- **Exercise prompt**
Only the pictures should be dropped; every line of the data must come back exactly as written.

- **Dataset excerpt**
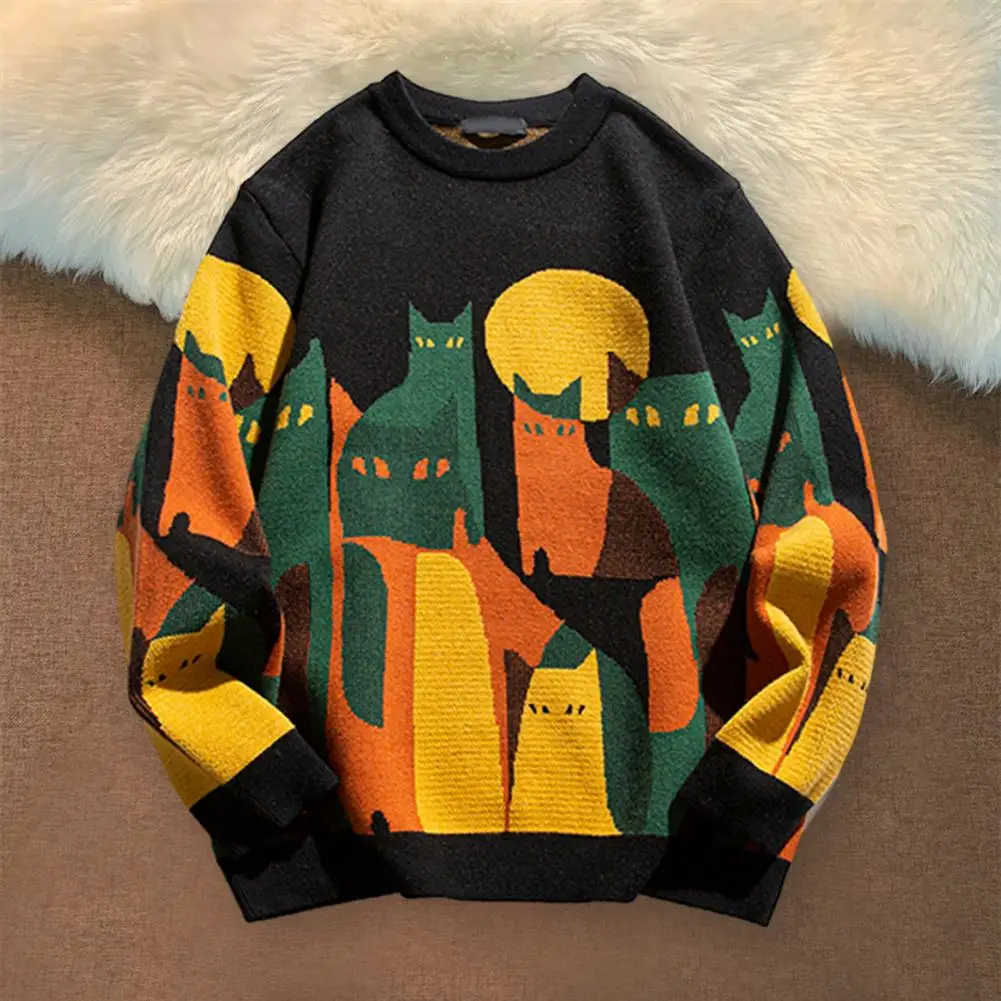 Men Winter Fall Sweater Round Neck Cat Print Thick Knitted Sweater Soft Warm Long Sleeve Pullover Unisex Couple Sweater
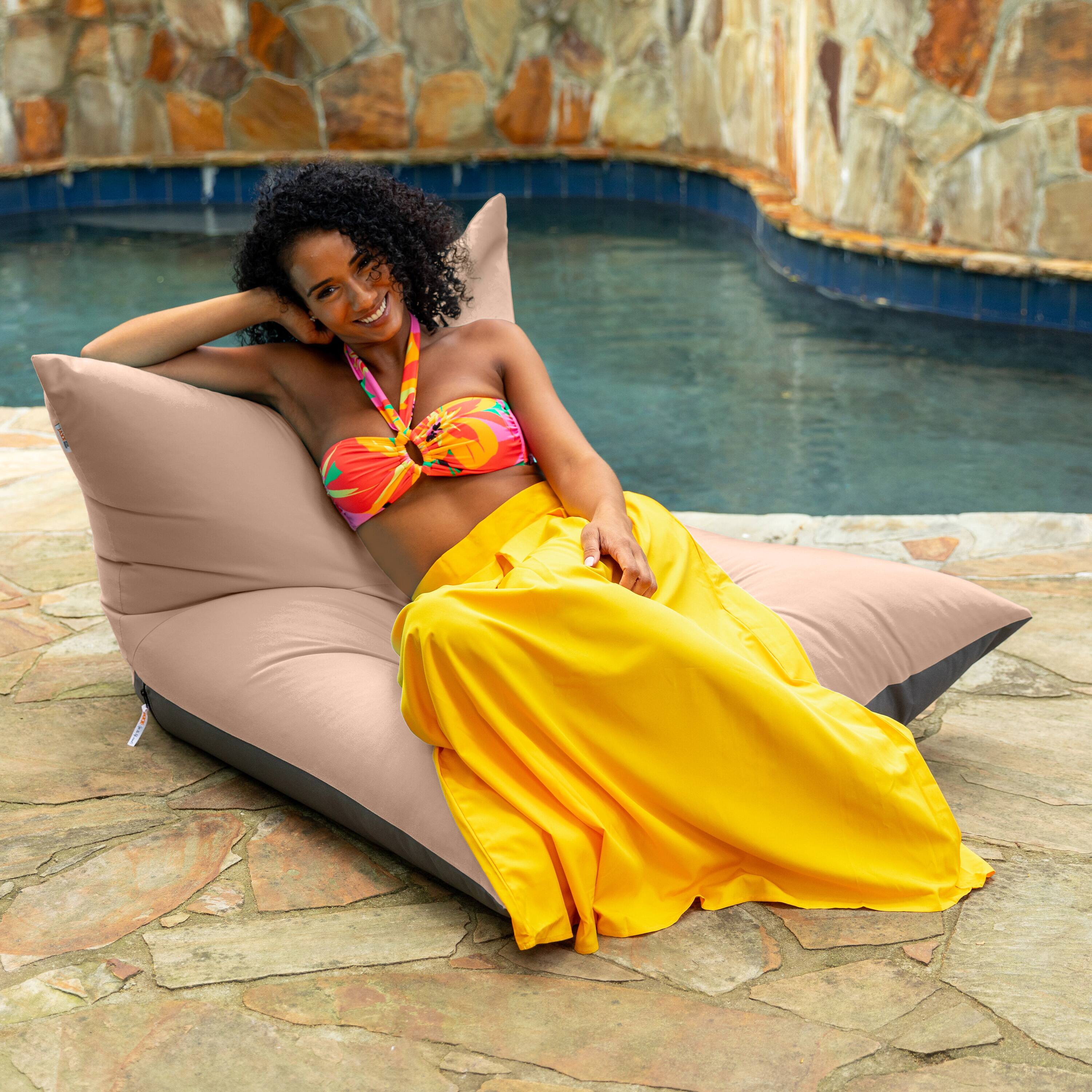 Angle. Jaxx - Jaxx Finster Outdoor Bean Bag Lounge Chair - Sunbrella Petal - Sunbrella Petal.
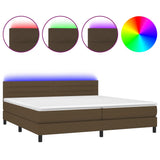 Sommier à lattes de lit matelas et LED Marron foncé 200x200 cm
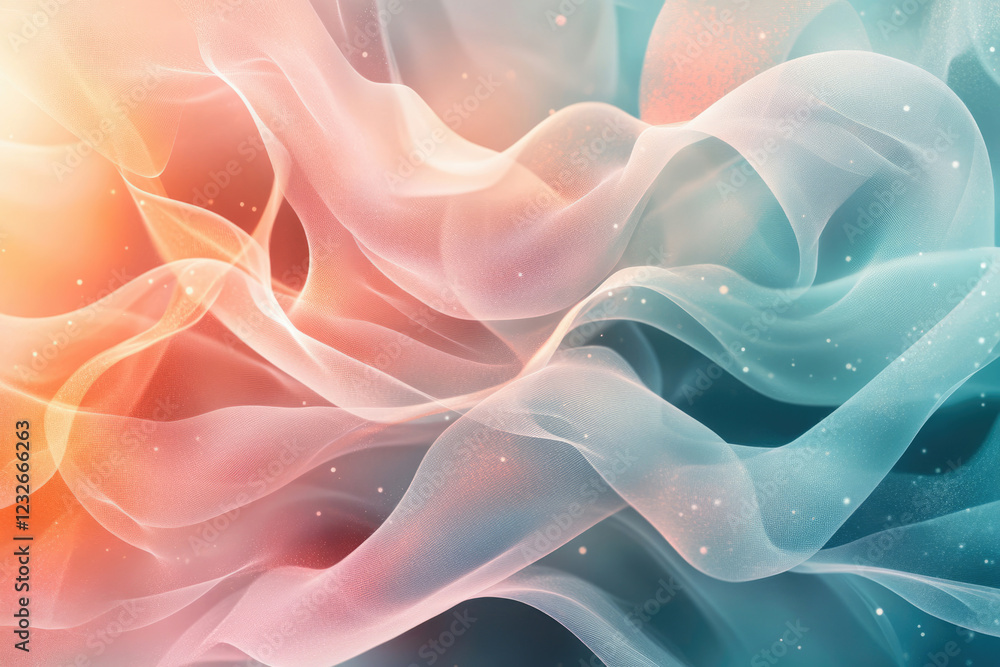 Poster abstract swirling pastel fabric with soft light and subtle sparkle.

- **Task solution**
 Men Winter Fall Sweater Round Neck Cat Print Thick Knitted Sweater Soft Warm Long Sleeve Pullover Unisex Couple Sweater
 Angle. Jaxx - Jaxx Finster Outdoor Bean Bag Lounge Chair - Sunbrella Petal - Sunbrella Petal.
 Sommier à lattes de lit matelas et LED Marron foncé 200x200 cm
 Poster abstract swirling pastel fabric with soft light and subtle sparkle.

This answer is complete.